@987654:
Is this something any one else has gone through?
Yup, been there, done that, got several t-shirts. :poorthing:
One guy in particular: I was sooooo in love, he was brutally handsome, we were the best of friends, and I hung in there with our "friendship" long enough (20+ years) to finally get it through my head that he was basically just a jerk and a lousy drunk, lol. Although my lust for him didn't allow me to see who he really was for many many years. Long story short, when I finally moved away to another state after more than a decade of being his loyal friend, his wife at the time confided in me that he was no longer the same and missed me terribly. They finally divorced years later (…I wonder why?), and he decided to come visit with me all the way across the country, despite me informing him that I really no longer felt the same way about "things" as when we knew each other back in the day. He came anyway - despite my warning, and I realized finally that I really couldn't stand him very much aside from the fact that he was an attractive man 20 years earlier when we had first met. He basically threw himself on me during his visit, I couldn't have cared any less by this time, and couldn't wait to get him back to the airport to send him on his way (…where he now lives with his mother!).

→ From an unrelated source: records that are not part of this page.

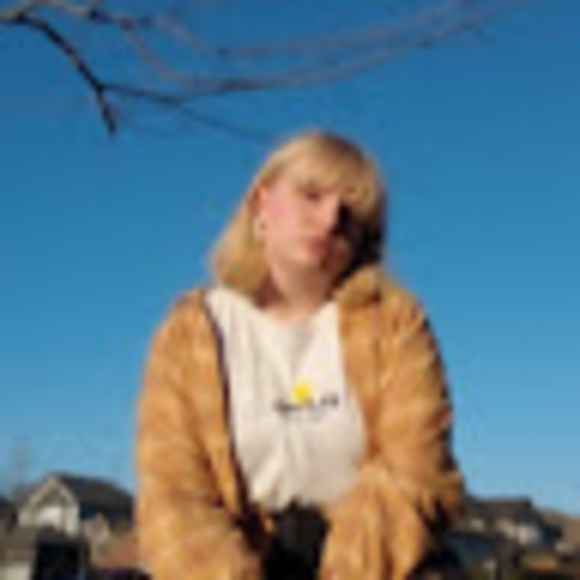 Meet your Posher, Emma - Picture 1 of 1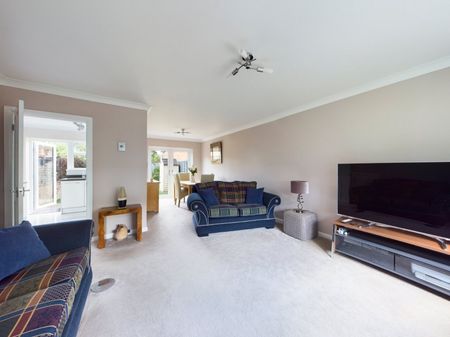 Benen-Stock Road, Staines-upon-Thames, Surrey,TW19 - Photo 2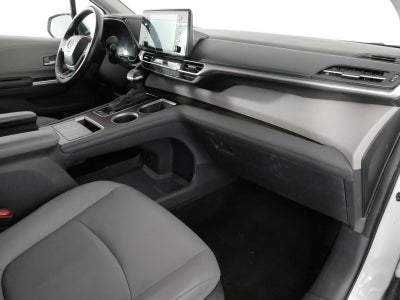 2024 Toyota Sienna XLE 7 Passenger FWD *1 OWNER, CLEAN CARFAX!*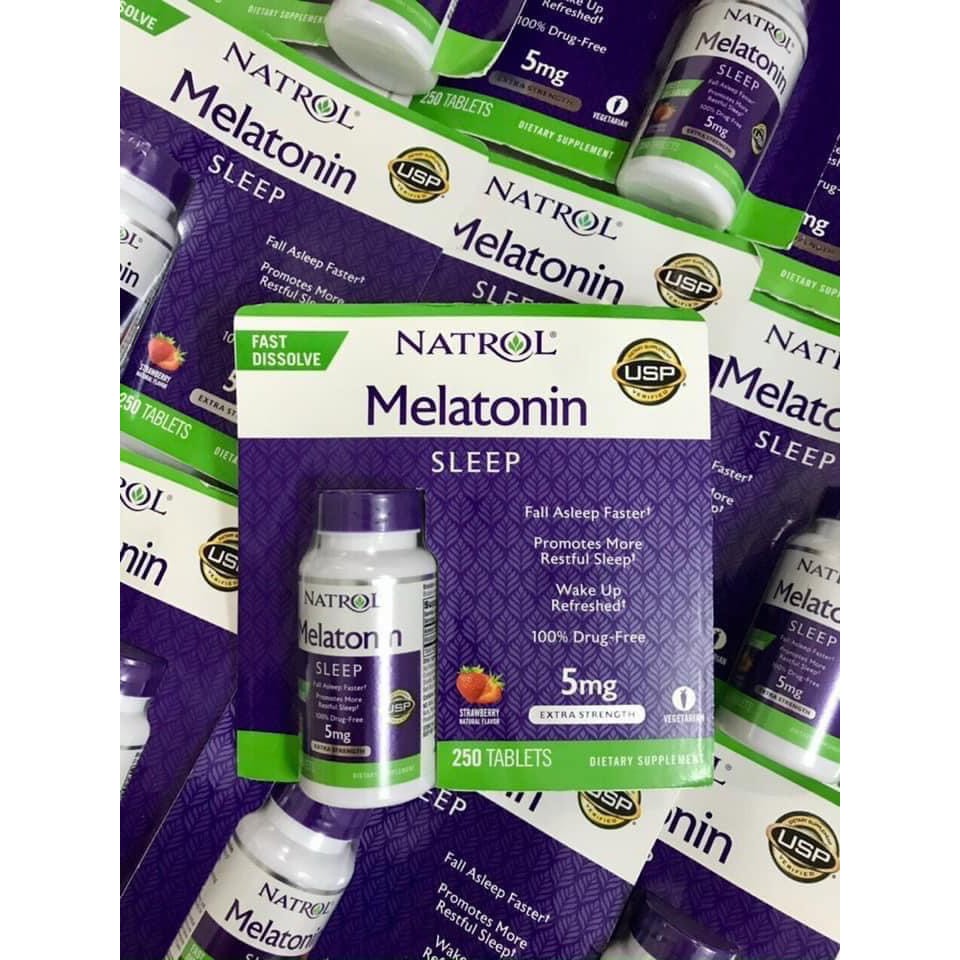 Viên Ngậm Giúp Ngủ Ngon Vị Dâu Natrol Melatonin Sleep 5mg 250 Viên của Mỹ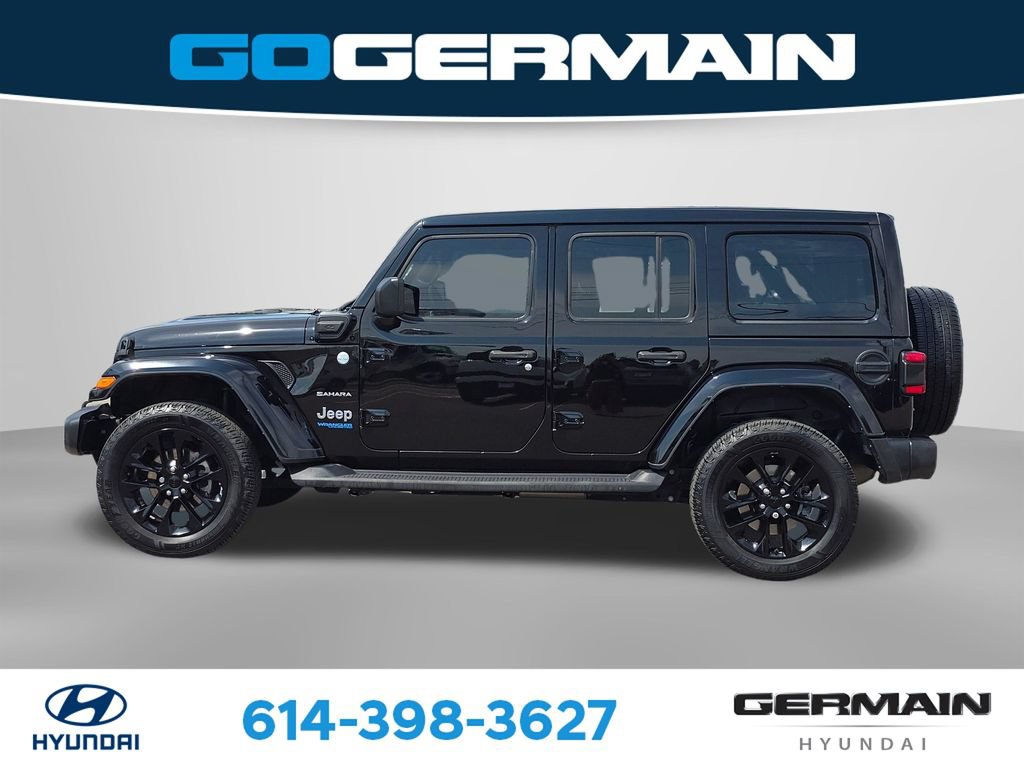 Used 2021 Jeep Wrangler Unlimited Sahara w/ Cold Weather Group AWD/4WD image 12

All this is to say, give it some time with your attractive straight friend. You may realize in time that there really isn't all that much to him that is worthy of your interest. Sometimes we just really want the thing that we think is unobtainable. My advice to you at this time: He knows you're into him, just stand your ground, be his friend, and trust me… he'll eventually come to YOU. And if he's lucky, you'll still be into him when he does. But more than likely, you'll find someone else by that time that suits your fancy better than him (who will also likely be more worthy of your time). "Straight" guys like to play games, all hard-to-get 'n' shit, when they think we worship the ground they walk on. And many of them know instinctively when we do.
Put another way: You can say that many of them have GayFriendWantsToFuckMeDar, and they often try to use it to their own advantage.